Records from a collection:
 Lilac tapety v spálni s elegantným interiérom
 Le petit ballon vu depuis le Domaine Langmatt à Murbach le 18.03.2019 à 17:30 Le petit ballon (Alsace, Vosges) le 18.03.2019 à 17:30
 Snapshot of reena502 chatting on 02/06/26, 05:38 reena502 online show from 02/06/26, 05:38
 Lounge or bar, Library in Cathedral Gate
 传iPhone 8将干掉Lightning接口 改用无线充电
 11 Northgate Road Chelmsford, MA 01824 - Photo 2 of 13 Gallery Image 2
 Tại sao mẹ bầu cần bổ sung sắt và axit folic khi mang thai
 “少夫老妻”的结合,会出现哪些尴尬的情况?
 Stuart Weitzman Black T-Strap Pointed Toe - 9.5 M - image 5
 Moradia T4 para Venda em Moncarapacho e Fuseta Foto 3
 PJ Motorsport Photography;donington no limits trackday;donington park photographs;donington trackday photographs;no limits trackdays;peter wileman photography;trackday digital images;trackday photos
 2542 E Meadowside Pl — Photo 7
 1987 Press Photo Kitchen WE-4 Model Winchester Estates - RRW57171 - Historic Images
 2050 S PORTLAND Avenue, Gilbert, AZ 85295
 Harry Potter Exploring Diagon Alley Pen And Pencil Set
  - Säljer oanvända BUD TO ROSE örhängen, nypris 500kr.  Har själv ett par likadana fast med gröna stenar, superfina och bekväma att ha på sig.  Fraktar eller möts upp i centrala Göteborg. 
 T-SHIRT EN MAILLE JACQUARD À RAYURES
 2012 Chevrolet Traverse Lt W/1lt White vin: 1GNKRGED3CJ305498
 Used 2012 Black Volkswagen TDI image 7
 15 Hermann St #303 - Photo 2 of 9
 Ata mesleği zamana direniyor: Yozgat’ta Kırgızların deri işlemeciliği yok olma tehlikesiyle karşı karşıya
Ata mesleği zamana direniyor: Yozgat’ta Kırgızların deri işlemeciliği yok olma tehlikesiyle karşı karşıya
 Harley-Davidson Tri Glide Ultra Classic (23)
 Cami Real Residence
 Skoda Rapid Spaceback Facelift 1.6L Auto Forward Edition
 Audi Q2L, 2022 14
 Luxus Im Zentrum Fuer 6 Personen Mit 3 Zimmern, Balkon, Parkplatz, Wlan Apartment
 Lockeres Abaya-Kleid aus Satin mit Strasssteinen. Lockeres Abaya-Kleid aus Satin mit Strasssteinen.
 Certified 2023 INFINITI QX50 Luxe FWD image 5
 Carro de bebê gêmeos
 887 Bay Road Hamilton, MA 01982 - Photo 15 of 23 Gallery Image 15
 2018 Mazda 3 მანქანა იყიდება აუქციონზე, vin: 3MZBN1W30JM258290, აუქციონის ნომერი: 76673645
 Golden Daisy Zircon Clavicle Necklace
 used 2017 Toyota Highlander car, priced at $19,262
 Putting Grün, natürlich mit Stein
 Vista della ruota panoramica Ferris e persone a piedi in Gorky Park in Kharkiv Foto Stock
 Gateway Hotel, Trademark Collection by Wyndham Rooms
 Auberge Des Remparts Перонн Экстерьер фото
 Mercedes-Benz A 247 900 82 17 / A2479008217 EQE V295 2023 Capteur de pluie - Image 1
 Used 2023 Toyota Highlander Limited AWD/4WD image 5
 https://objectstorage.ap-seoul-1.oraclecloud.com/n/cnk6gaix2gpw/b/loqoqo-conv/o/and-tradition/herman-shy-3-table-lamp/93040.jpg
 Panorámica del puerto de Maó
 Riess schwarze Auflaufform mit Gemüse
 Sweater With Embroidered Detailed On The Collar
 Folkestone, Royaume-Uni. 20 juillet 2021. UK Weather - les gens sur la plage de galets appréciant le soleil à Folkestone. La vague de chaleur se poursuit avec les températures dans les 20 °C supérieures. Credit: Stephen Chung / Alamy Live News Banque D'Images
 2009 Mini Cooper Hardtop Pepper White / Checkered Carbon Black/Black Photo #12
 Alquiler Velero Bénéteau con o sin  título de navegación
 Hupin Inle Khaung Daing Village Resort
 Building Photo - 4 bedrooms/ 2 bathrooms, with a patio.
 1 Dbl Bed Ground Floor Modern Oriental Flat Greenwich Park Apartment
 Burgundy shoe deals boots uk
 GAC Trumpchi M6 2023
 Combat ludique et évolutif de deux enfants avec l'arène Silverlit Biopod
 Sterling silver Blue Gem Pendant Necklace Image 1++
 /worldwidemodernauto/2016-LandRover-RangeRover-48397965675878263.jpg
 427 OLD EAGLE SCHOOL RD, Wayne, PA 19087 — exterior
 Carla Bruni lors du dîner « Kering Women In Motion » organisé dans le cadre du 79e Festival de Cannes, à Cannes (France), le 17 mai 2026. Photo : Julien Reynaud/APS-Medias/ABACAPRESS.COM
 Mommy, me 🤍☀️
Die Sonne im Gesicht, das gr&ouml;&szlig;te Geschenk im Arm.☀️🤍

* _What is expected_:
Given the records above, reproduce precisely and only the lines between the line holding "Used 2012 Black Volkswagen TDI image 7" and the line holding "Cami Real Residence", inclusive.

* _Task response_:
 Used 2012 Black Volkswagen TDI image 7
 15 Hermann St #303 - Photo 2 of 9
 Ata mesleği zamana direniyor: Yozgat’ta Kırgızların deri işlemeciliği yok olma tehlikesiyle karşı karşıya
Ata mesleği zamana direniyor: Yozgat’ta Kırgızların deri işlemeciliği yok olma tehlikesiyle karşı karşıya
 Harley-Davidson Tri Glide Ultra Classic (23)
 Cami Real Residence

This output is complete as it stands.